I bought 3 of your shirts oldschool, moving violation logo , and glasshouse shirt all 4x great shirts my only complaint on these shirts is the collar that seams to not stay tight on the collar just wondering if you guys ever had any feed back and if so any futur improvements


----------



## Movin' Violation

brn2ridelo said:


> I bought 3 of your shirts oldschool, moving violation logo , and glasshouse shirt all 4x great shirts my only complaint on these shirts is the collar that seams to not stay tight on the collar just wondering if you guys ever had any feed back and if so any futur improvements


No complaints brn2ridelo. PM sent.


----------



## brn2ridelo

Movin' Violation said:


> No complaints brn2ridelo. PM sent.


Pm returned
Its just a personal preference I like my collar to be tight and not be wearing it all day and have the collar all open lookin like a v-neck by the end of the day


----------



## DJLATIN

Any update on when the new t-shirts will be released?


----------



## Movin' Violation

DJLATIN said:


> Any update on when the new t-shirts will be released?


Tovar Brothers design just completed. We will be releasing it as soon as possible.


----------



## Movin' Violation

Don't miss out on your chance to win your favorite Movin' Violation t-shirt this Sunday at Traffic Car Club's 7th Annual Car Show at Citizens Business Bank Arena in Ontario, California. 
Hope to see you there!


----------



## Movin' Violation

This Sunday, Movin' Violation will be in the city of Bakersfield at the Carnales Unidos Super Benefit car show. 
Stop by our booth and check out the Gypsy Rose from Thee Imperials car club and Twilight Zone from Lifestyle car club showing together for the first time! 
Hope to see you there.


----------



## djmikethecholodj

Do these tshirts come in petite sizes...


----------



## Movin' Violation

djmikethecholodj said:


> Do these tshirts come in petite sizes...


Orale Cholo Mike... yes I'm sure we can find one that fits your smallish figure. :roflmao:

Thanks for everything at the last show brother!


----------



## Movin' Violation

Stop by the Movin' Violation Booth at the Carnales Unidos Car Show and pick up your signed Gypsy Rose t-shirt. 

And in honor of his father, meet Lil Jesse Valadez from Thee Imperials Car Club and see the Gypsy Rose!


----------



## Movin' Violation

Stop by the Movin' Violation Booth at the Carnales Unidos Car Show this Sunday and pick up your signed Twilight Zone t-shirt. 

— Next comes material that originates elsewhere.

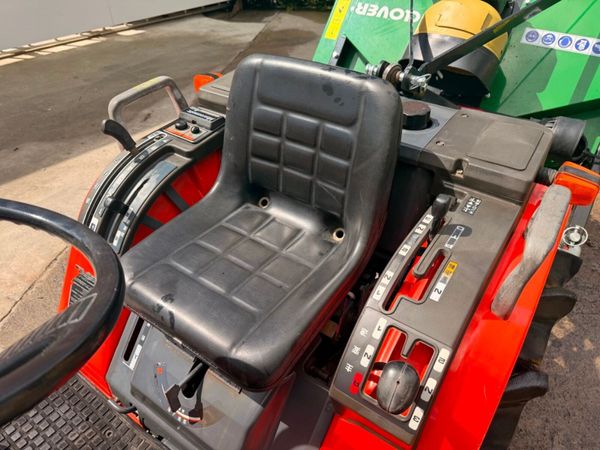 KUBOTA ...A175 COMPACT TRACTOR ...844 hours 387769865
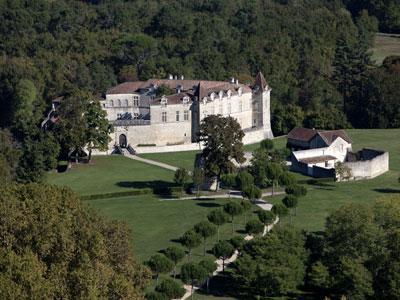 CHÂTEAU DE CAZENEUVE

And meet MASTER BUILDER Mike Lopez from Lifestyle Car Club and see his 62 impala, Twilight Zone!


----------



## BEVERLY & ATLANTIC

When's that Riviera shirt coming out? :nicoderm:


----------



## Movin' Violation

NEWLIFE ELA said:


> When's that Riviera shirt coming out? :nicoderm:


Soon Albert. Finishing up the Tovar tee right now.


----------



## Los 210

bump


----------



## Movin' Violation

Here's a little tease from Movin' Violation's latest "Legends of the Game" Tovar Brothers t-shirt! Release date coming soon.


----------



## Los 210

TTT


----------



## Movin' Violation

Vintage Valadez said:


> TTT


Orale Vintage Valadez!


----------



## Movin' Violation

Our womenʼs tees are carefully designed with a fashion-forward approach. 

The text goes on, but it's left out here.